A lot of landlords keep an old home and turn it in to a rental. What does that do to the tax on the growth in value? It might not worth how you think.
Let’s paint a scenario. Bob bought a house in 1989 for £250,000. He moved out of it in late 2007 when it was worth £650,000 and started renting it out. The house is now worth £750,000.
To summarise in the 18 years he lived there, the tempt period, it went up £400,000. in the 18 years since, the taxable period, it has gone up £100,000.
When he sells the house this year he will logically be thinking that he will pay tax on the £100,000. Note for this purpose I am ignoring the extra principal private residence relief that would exempt the final nine months of ownership.
This isn’t what happens though. For capital gains tax purposes HMRC will assume the growth in value accrued evenly over the total ownership. Some of you will have spotted where this is going already.
Bob thought he would have £400,000 of exempt growth and £100,000 of taxable growth. Not so. The total growth of £500,000 is spread evenly. Half of the ownership is exempt and half is taxable based on the number of years of occupation and rental. On that basis £250,000 of the growth is taxable and only £250,000 of growth is exempt. That makes a staggering difference to the tax position.

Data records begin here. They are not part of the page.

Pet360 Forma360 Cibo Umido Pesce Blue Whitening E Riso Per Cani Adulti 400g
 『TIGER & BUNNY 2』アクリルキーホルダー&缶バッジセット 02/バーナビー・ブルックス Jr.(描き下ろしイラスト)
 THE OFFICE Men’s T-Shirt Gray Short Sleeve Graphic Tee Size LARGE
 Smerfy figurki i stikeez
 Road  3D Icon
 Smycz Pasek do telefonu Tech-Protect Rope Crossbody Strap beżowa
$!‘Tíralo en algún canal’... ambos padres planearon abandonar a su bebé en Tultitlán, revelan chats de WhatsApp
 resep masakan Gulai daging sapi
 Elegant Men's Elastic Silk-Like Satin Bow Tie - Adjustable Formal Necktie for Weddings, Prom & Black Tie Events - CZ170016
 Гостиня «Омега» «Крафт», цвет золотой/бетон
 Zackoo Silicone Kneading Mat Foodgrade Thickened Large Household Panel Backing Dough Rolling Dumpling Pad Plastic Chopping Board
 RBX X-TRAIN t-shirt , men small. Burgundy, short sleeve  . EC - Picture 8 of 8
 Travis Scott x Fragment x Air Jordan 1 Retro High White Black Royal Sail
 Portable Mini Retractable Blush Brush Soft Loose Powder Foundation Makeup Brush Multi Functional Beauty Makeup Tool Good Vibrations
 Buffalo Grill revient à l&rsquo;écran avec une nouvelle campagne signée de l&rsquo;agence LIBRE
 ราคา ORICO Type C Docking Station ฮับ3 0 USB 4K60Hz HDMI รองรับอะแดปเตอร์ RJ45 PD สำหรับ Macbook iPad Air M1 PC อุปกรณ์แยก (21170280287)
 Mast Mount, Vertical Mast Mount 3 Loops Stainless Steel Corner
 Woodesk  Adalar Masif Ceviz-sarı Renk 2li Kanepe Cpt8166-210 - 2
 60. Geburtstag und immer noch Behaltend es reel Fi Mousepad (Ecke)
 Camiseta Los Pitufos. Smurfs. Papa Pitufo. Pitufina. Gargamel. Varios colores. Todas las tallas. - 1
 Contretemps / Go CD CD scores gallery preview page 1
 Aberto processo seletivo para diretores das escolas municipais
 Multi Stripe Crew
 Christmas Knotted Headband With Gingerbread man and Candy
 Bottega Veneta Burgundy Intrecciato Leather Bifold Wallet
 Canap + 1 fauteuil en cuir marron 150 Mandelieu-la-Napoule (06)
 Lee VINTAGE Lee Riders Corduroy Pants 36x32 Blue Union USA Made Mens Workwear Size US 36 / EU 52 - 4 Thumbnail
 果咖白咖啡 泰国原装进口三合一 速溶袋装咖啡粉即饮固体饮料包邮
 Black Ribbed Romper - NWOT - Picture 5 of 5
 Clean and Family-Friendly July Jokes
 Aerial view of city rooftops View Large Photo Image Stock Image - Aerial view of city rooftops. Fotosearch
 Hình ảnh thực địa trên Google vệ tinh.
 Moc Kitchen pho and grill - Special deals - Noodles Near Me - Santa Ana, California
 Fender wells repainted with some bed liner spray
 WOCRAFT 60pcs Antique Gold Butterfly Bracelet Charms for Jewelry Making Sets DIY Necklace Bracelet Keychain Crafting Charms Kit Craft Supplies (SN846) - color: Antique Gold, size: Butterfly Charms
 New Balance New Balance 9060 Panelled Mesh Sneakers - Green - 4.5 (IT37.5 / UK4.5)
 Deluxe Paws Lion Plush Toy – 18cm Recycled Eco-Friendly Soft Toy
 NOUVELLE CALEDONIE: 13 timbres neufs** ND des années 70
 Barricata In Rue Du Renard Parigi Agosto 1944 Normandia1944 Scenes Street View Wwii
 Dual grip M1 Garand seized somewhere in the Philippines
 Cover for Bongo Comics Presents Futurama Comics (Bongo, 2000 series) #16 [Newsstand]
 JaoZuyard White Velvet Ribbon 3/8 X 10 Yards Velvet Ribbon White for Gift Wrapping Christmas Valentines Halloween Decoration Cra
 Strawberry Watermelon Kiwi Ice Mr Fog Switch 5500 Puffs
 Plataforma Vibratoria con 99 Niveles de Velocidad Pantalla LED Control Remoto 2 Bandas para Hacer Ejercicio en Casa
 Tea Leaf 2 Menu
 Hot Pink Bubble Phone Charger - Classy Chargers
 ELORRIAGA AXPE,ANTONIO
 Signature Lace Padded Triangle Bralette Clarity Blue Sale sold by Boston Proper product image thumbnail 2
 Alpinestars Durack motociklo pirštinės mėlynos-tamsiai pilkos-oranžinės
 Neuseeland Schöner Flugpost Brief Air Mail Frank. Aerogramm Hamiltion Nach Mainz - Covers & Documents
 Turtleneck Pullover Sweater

Bob thought his bill would be about £24,000 whereas it will be nearer to £60,000. THat’s tax for you! Always kicking you when you least expect it!
Ironically the value of £650,000 is relevant for income tax purposes and will be the value used to determine how much mortgage interest is allowed for tax relief! So if Bob remortgaged up to £650,000 (unlikely I know but just to make the point!) he would get tax relief on the full mortgage interest. It would be restricted to 20% credit like all interests but the important point is that the whole mortgage would be allowed and not the £250,000 original purchase price.